- What is needed
Only the lines from the "Thomson 32HG2S14 HD" line through the last line of the material below belong in the answer, reproduced exactly and with no pictures.

- Recorded information

..........

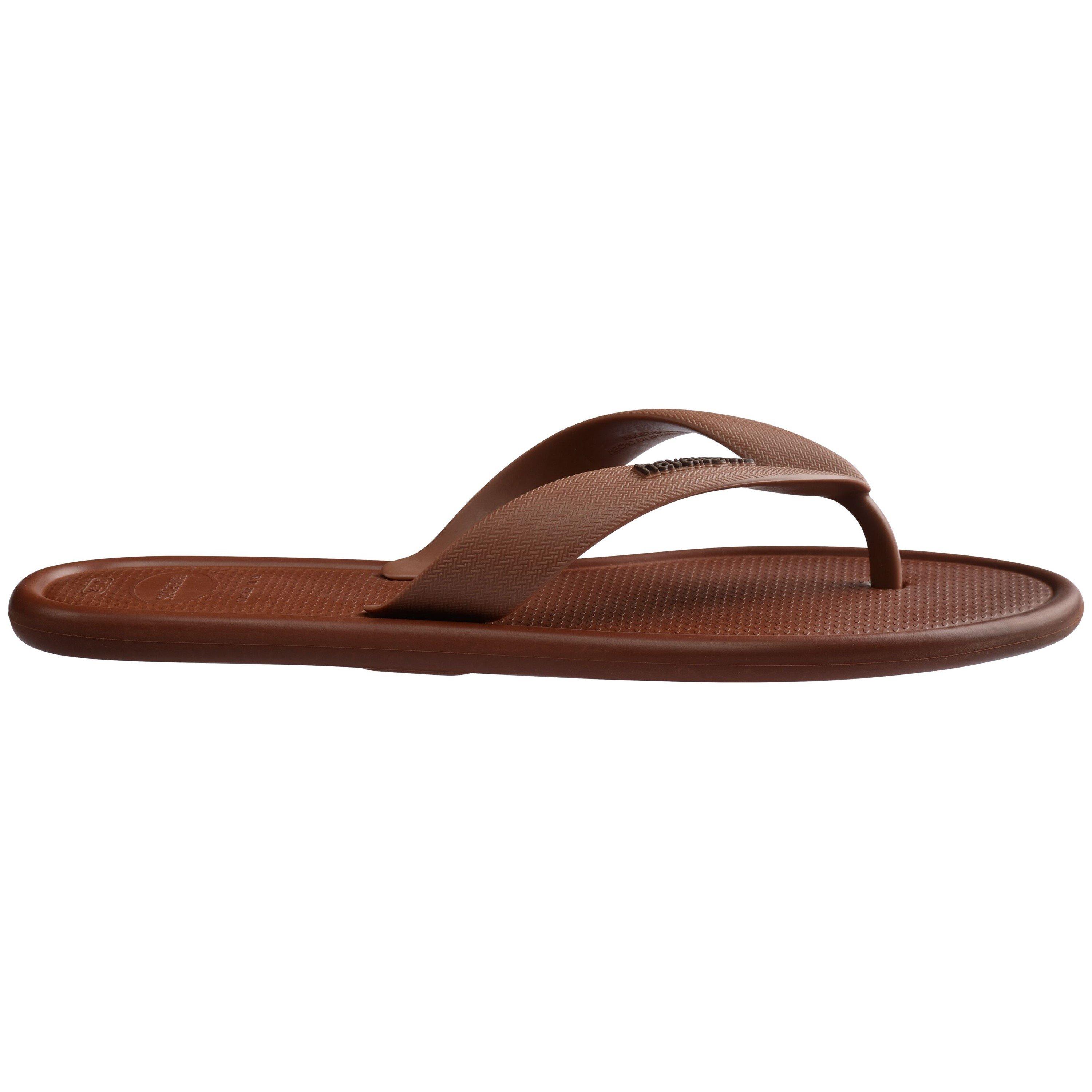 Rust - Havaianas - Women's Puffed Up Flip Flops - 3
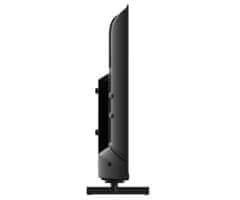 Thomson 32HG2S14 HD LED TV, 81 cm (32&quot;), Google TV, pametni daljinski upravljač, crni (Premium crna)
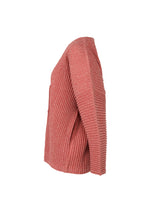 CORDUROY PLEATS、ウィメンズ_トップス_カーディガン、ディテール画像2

..........

- Expected answer
 Thomson 32HG2S14 HD LED TV, 81 cm (32&quot;), Google TV, pametni daljinski upravljač, crni (Premium crna)
 CORDUROY PLEATS、ウィメンズ_トップス_カーディガン、ディテール画像2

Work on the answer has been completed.